Integrity of Ukraine’s Russia-held nuclear plant ‘violated’, IAEA chief says
- An International Atomic Energy Agency team braved intense shelling to reach the Zaporizhzhia nuclear power plant
- IAEA visit came as Ukrainian troops pressed ahead with a counteroffensive in the nearby region of Kherson
The head of the UN nuclear agency said the “physical integrity” of a Russian-held Ukrainian nuclear plant had been “violated” following frequent shelling, on his team’s first visit to the facility.
Russian forces seized control of the Zaporizhzhia nuclear plant in southern Ukraine, Europe’s largest, and the surrounding region shortly after the February 24 invasion.
Both sides have traded blame for recent shelling near the plant lying on the frontline, sparking fears of a nuclear disaster.
A 14-strong team of inspectors from the International Atomic Energy Agency arrived at the facility on Thursday to conduct “security and safeguards activities” after a risky journey across the frontline and early-morning shelling of the area.
“It is obvious that the plant and physical integrity of the plant has been violated several times,” IAEA head Rafael Grossi told reporters after returning to Ukrainian-controlled territory.
Grossi said part of the IAEA mission would stay at Zaporizhzhia “until Sunday or Monday” to continue the assessment, without specifying their number.
The Argentine described the visit as productive and said he gathered lots of information.
After the inspection, in a video released by the Russian RIA Novosti news agency, Grossi said: “We have achieved something very important today and the important thing is the IAEA is staying here”.
Russia’s ambassador to international institutions in Vienna said two IAEA inspectors would stay at the plant on a permanent basis, RIA said on Friday.
A dawn shelling attack on the area had forced one of the plant’s six reactors to close.
Energoatom, Ukraine’s nuclear agency, said it was “the second time in 10 days” that Russian shelling had forced the closure of a reactor.
It said the plant’s emergency protection system kicked in shortly before 5am, shutting reactor five, with the attack damaging a backup power supply.
Energoatom also said it would be would be difficult for the IAEA team to make an impartial assessment due to Russian interference.
“The Russians did not allow the mission to enter the crisis centre, where Russian military personnel are currently stationed, whom the IAEA representatives were not supposed to see,” Energoatom said in a statement.
“It is high time to stop playing with fire and instead take concrete measures to protect this facility … from any military operations,” Robert Mardini, chief of the International Committee of the Red Cross, told reporters in Kyiv.
He warned the consequences of hitting the plant could be “catastrophic”, saying “the slightest miscalculation could trigger devastation that we will regret for decades”.
After Russian forces seized the plant on March 4, Energoatom shut two reactors, followed by a third after shelling on August 5. With a fourth undergoing repairs, Thursday’s incident leaves only one of the six reactors working.
Mardini said it was “encouraging” the IAEA team was inspecting the plant because the stakes were “immense”.
On leaving Zaporizhzhia, Grossi said his team would be travelling through areas where “the risks are significant” but had decided to go ahead anyway due to the “very important mission to accomplish”.
The neighbouring town of Energodar came under sustained attack at dawn, with Russian troops firing “mortars and using automatic weapons and rockets”, its mayor Dmytro Orlov said.
But Moscow accused Kyiv of smuggling in up to 60 military “saboteurs” who reached the area near the plant at dawn, prompting Russian troops to take “measures to annihilate the enemy”.
Ukraine has accused Russia of deploying hundreds of soldiers and storing ammunition at the plant.

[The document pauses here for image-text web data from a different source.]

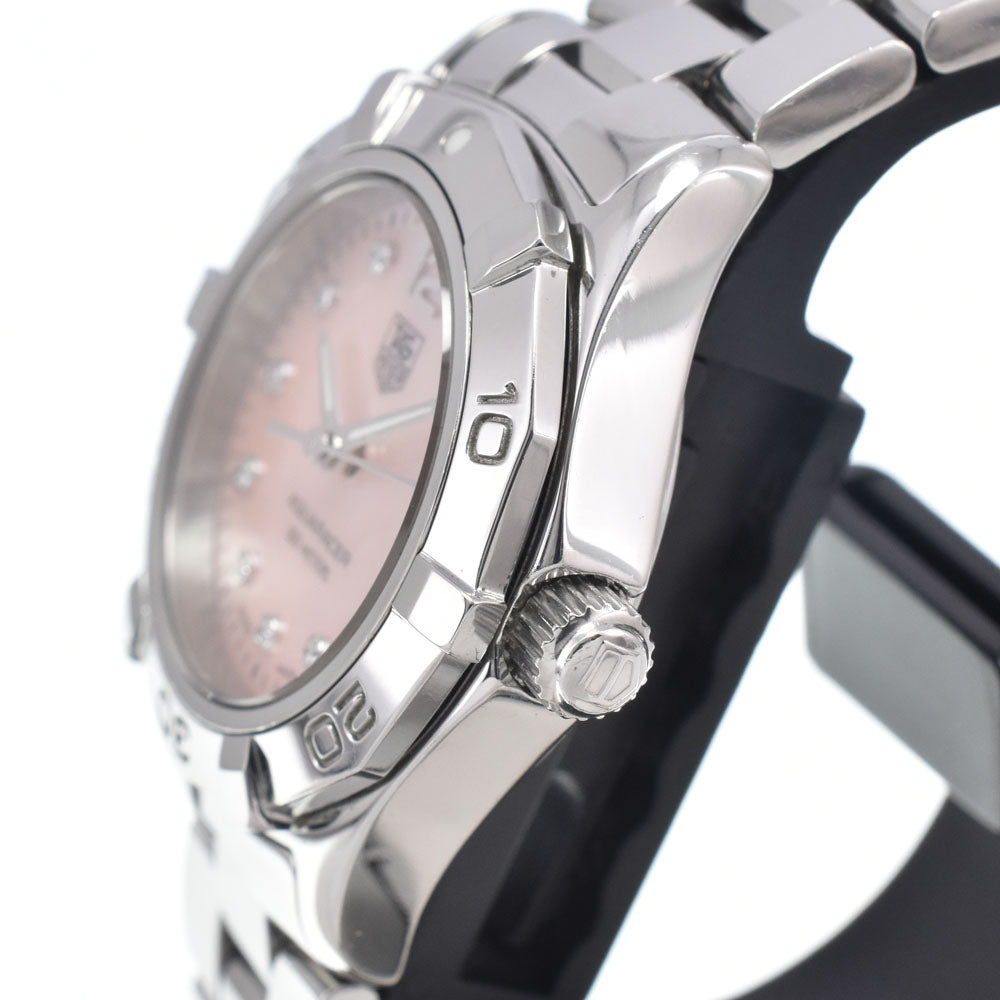 TAG HEUER Aqua racer WAF141A 10P diamond Pink shell Dial Quartz Ladies
 Watch I#147425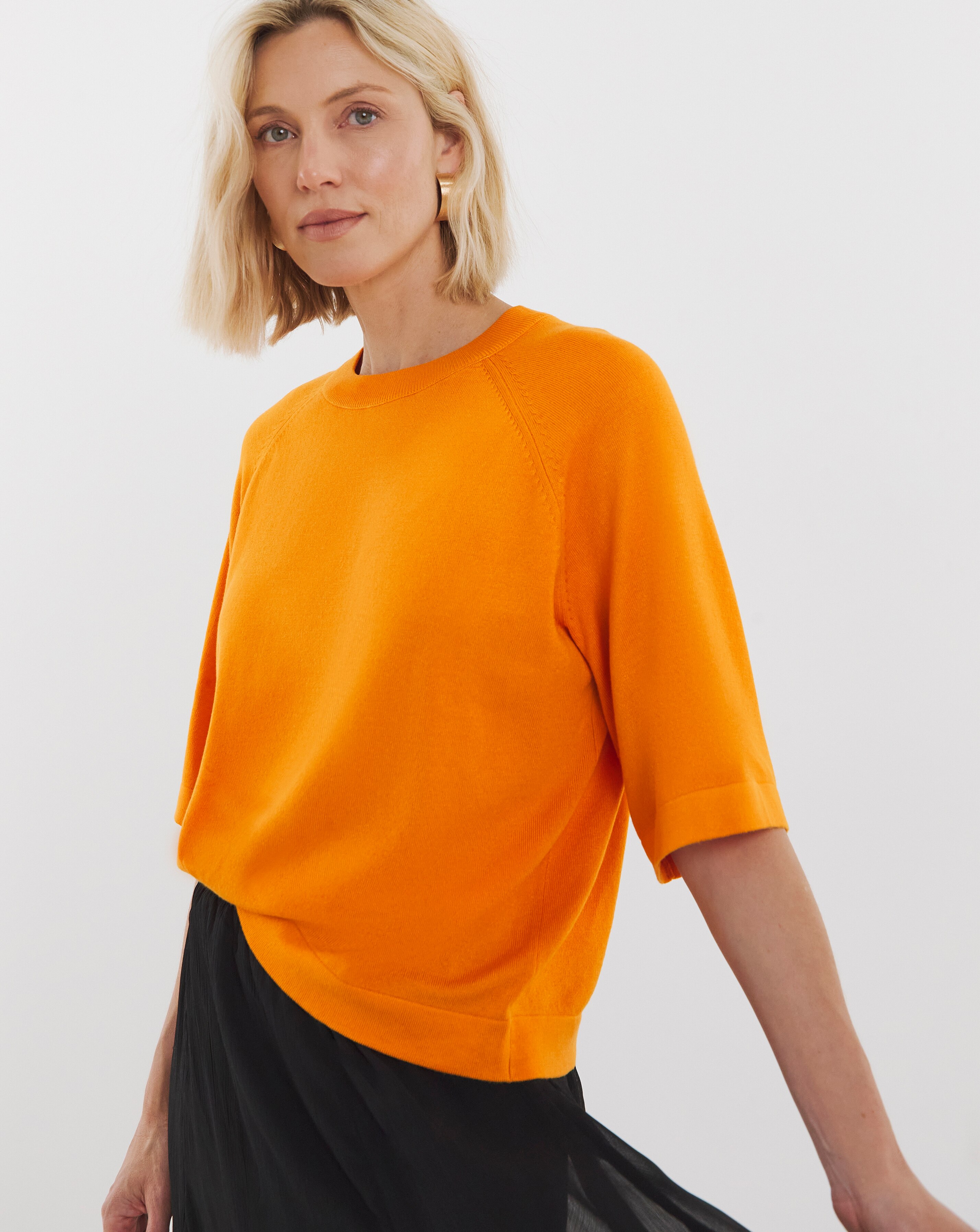 Eversoft Orange Half Sleeve Knitted T-shirt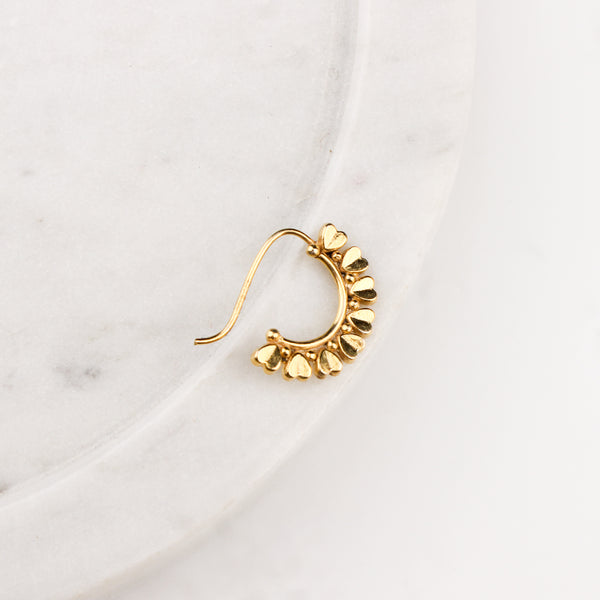Heart Nath (Left, Pierced) | 92.5 Silver | 22K Gold Plated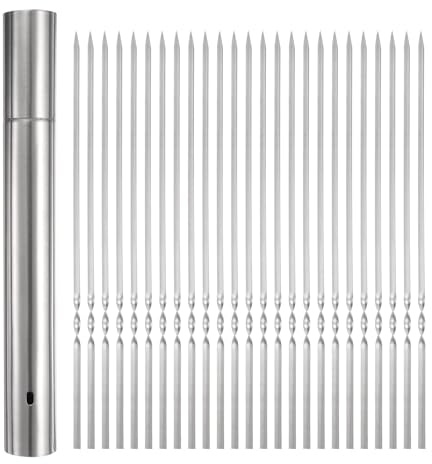 sourcing map 100pcs Metal Kebob Skewers 30cm x 3.5cm Stainless Steel Flat Sticks Reusable BBQ Barbecue Skewers Outdoor Grill Stick with Tube Storage for Meat Shrimp Fruit Vegetables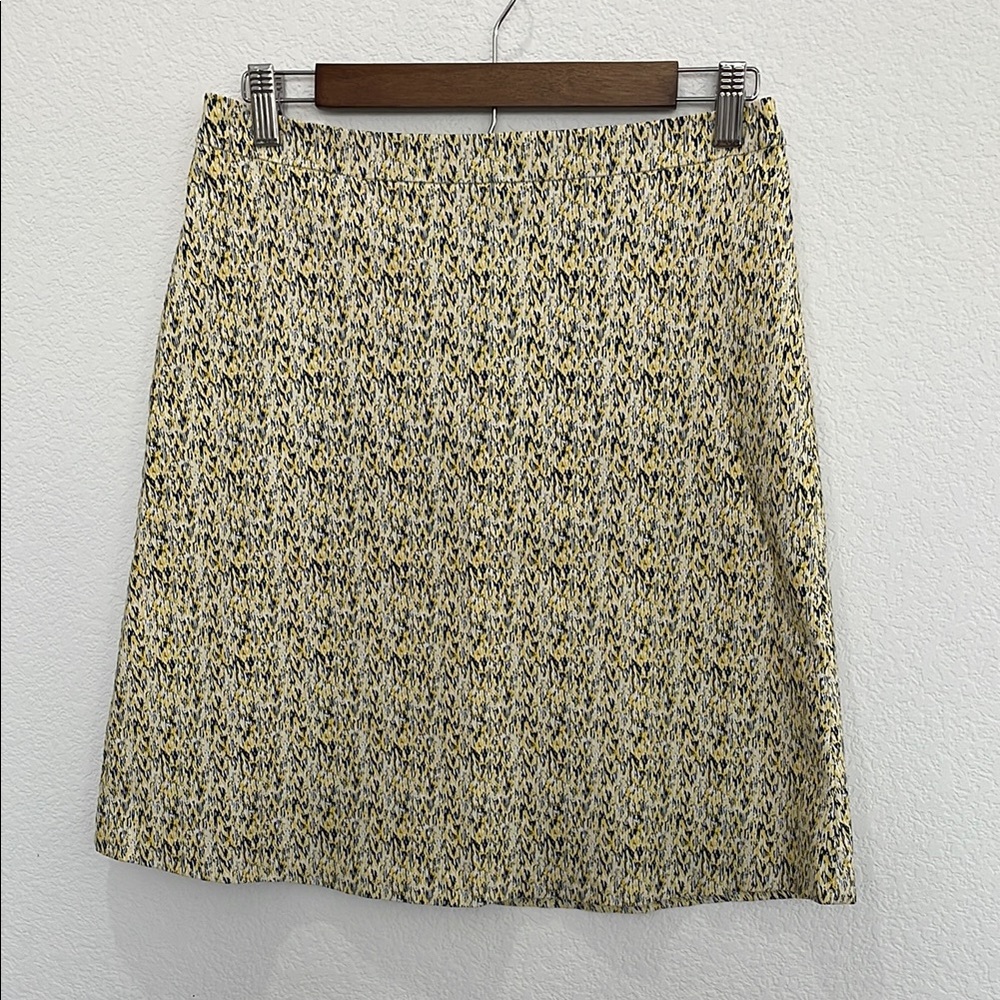 Margaret M Gold and Blue A-Line Knee-Length Skirt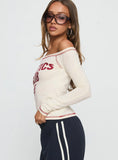 Athletics Club Long Sleeve Graphic Top Cream Red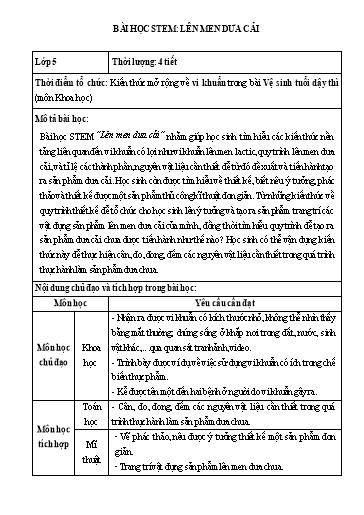 Bài học STEM Khoa học Lớp 5 - Bài: Lên men dưa cải - Năm học 2024-2025 - Nguyễn Thị Hải Anh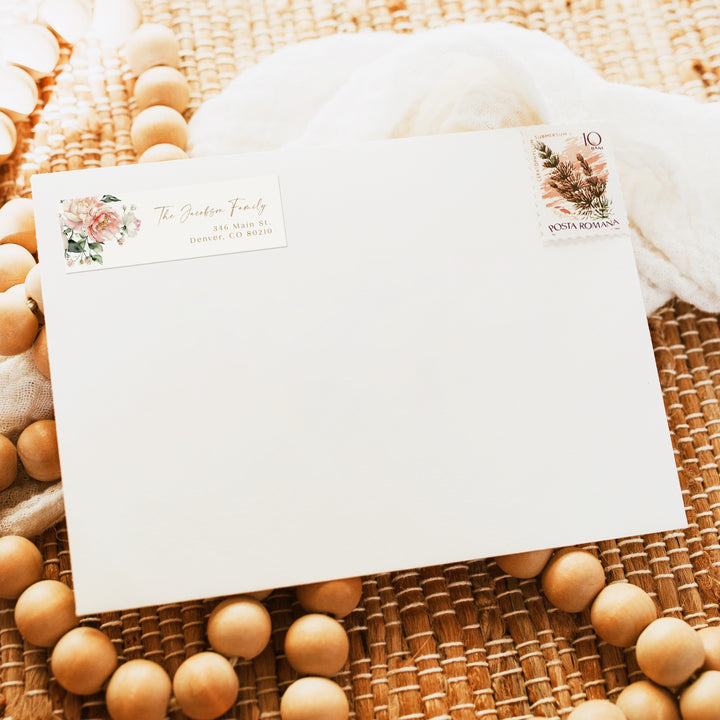 ISLA Pink Floral & Gold Elegant Return Address Label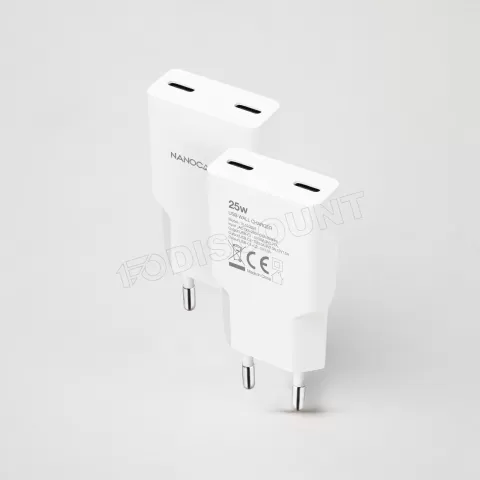 Photo de Chargeur secteur Nanocable 2x USB-C  25W (Blanc)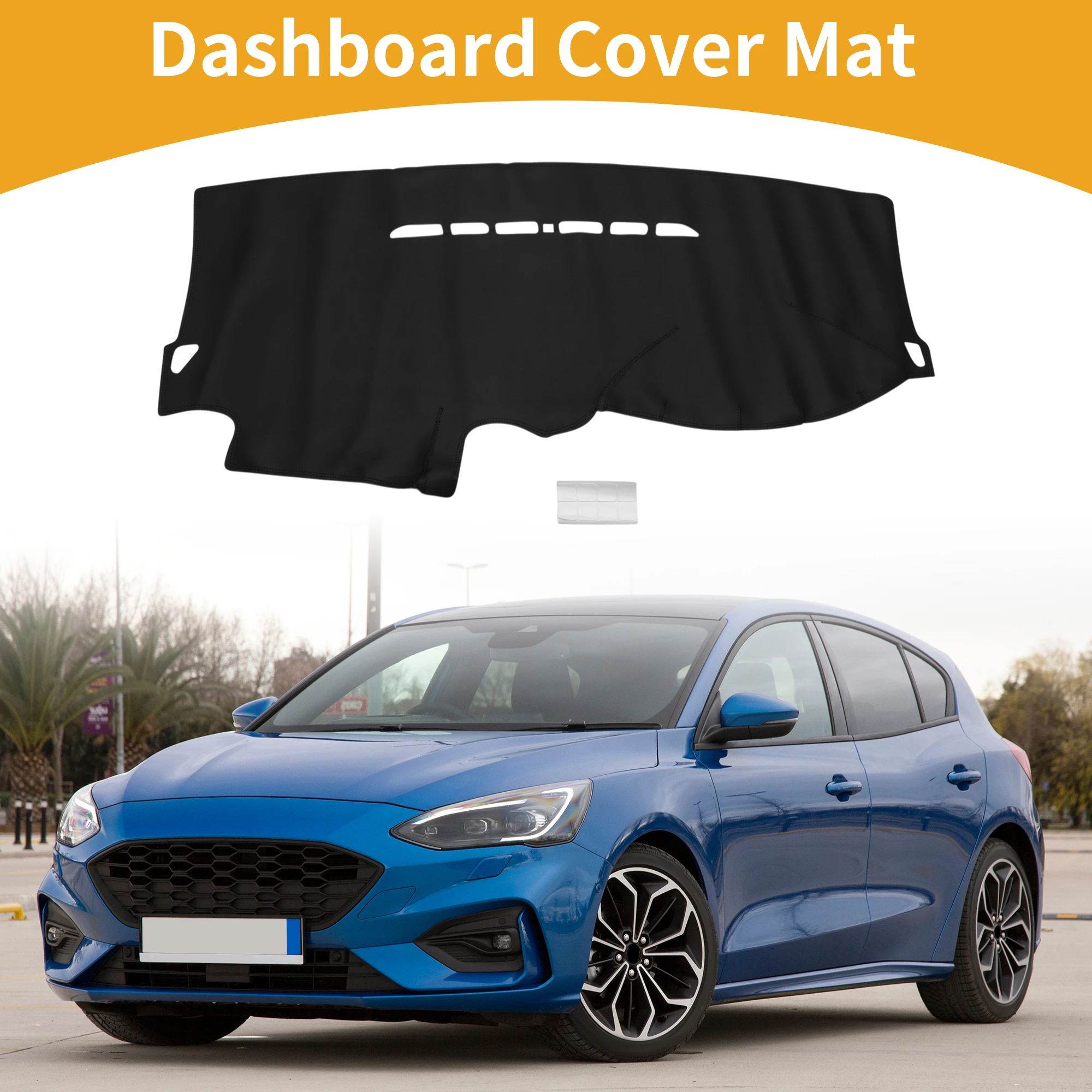 

Чехол на приборную панель UXCELL для Ford Focus 2 MK2 2005-2011, черный, 1 шт., противоскользящий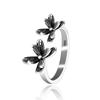 Qiao Lanxuan imitação de anel de prata esterlina atacado tailandês prata antigo estilo retro moda feminina popular flor estilo jóias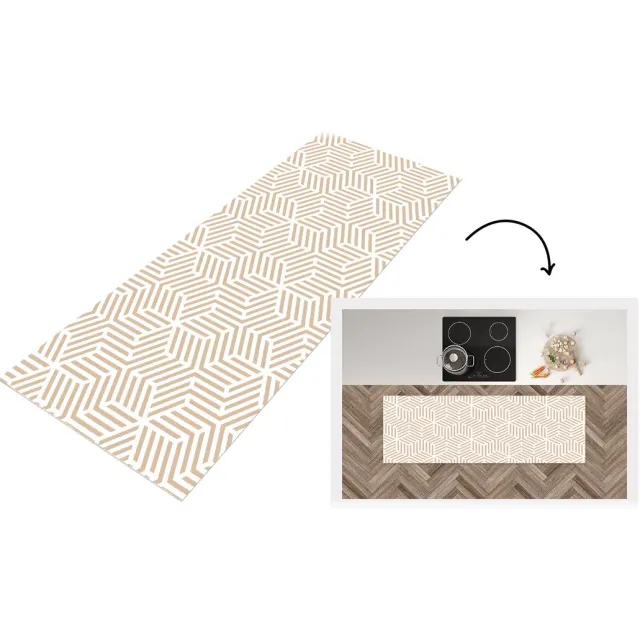 KitchenYeah Keukenloper - Loper keuken - Beige - Geometrie - Patronen - Abstract - Keukenloper vinyl Multicolor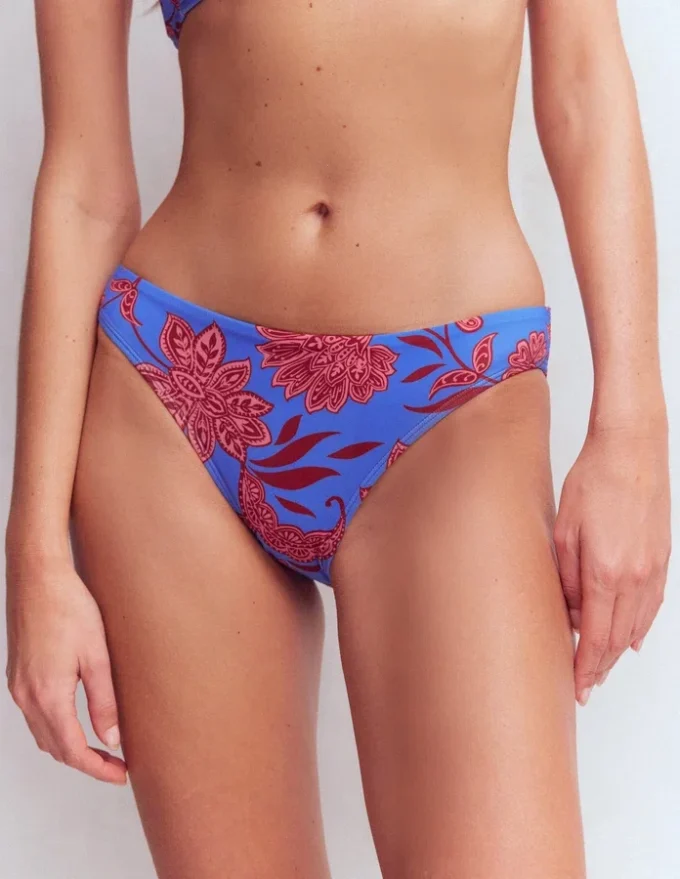 Classic Bikini Bottoms Blue, Elegant Blossom Classic Bikini Bottoms Blue, Elegant Blossom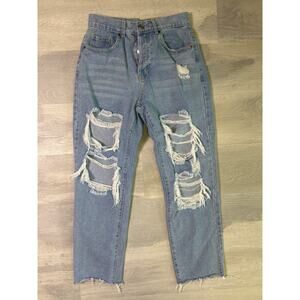 Blue Savvy Denim Straight Leg Ripped Distressed Light Wash Jeans Women's Size 28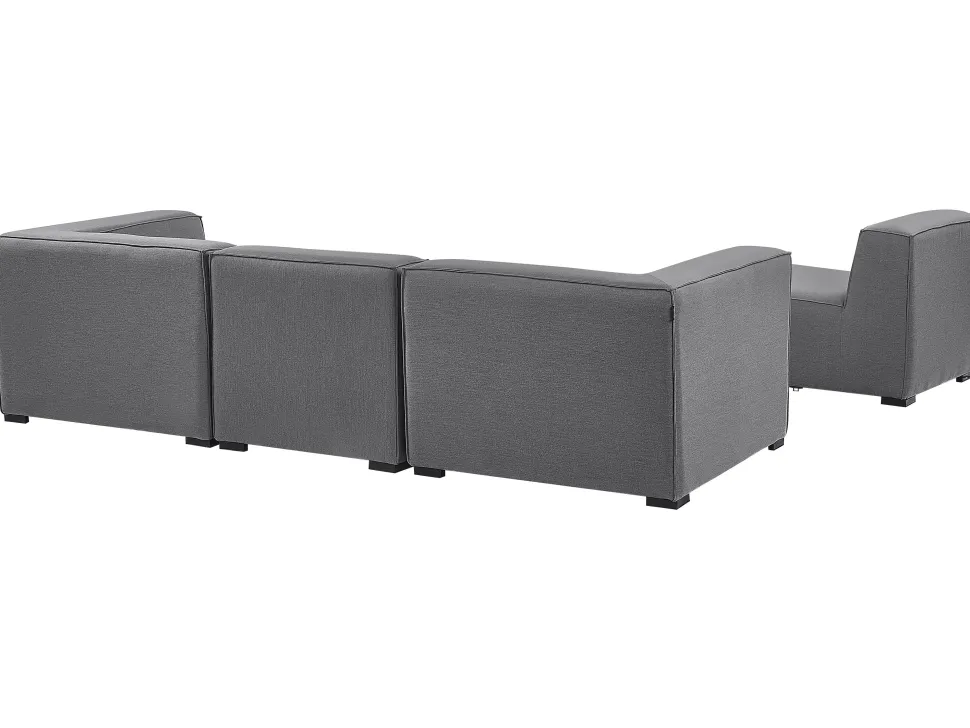 Conjunto De Jardim Com 4 Lugares E Repousa-Pes Em Tecido Cinzento Arezzo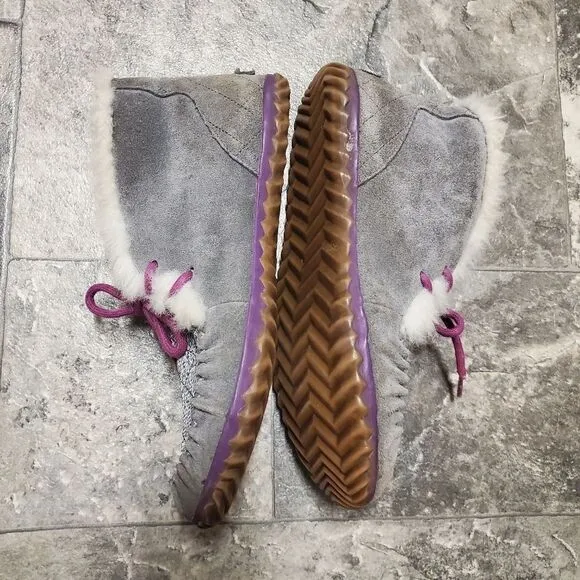 Sorel X Anthropologie Out N About High Cut Moccasin Suede Gray Purple Slippers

Russian Defence Minister Sergei Shoigu rejected that assertion, saying Kyiv was “creating a real threat of nuclear catastrophe” and using Western-supplied weapons to attack the plant.
Shoigu accused the United States and European Union of “encouraging such reckless actions”.
Kyiv also suspects that Moscow intends to divert power from the plant to the nearby Crimean peninsula, annexed by Russia in 2014 – a view held by other international figures including British Prime Minister Boris Johnson.
Meanwhile, Ukrainian troops pressed ahead with a counteroffensive in the nearby region of Kherson to retake areas seized by Russia at the start of the invasion.
Both sides have claimed battlefield successes in the new Ukrainian push, although details have been scarce so far, with Ukrainian officials releasing little information about their advance.
“It is a very slow process, because we value people,” said Oleksiy Arestovych, an adviser to Ukraine President Volodymyr Zelensky. Moscow has denied reports of Ukrainian progress and said its troops had routed Ukrainian forces.
Ukraine’s military said late on Thursday that Russian forces had shelled around a dozen southern towns, with attacks in other regions including Kharkiv in the north and Donetsk in the east.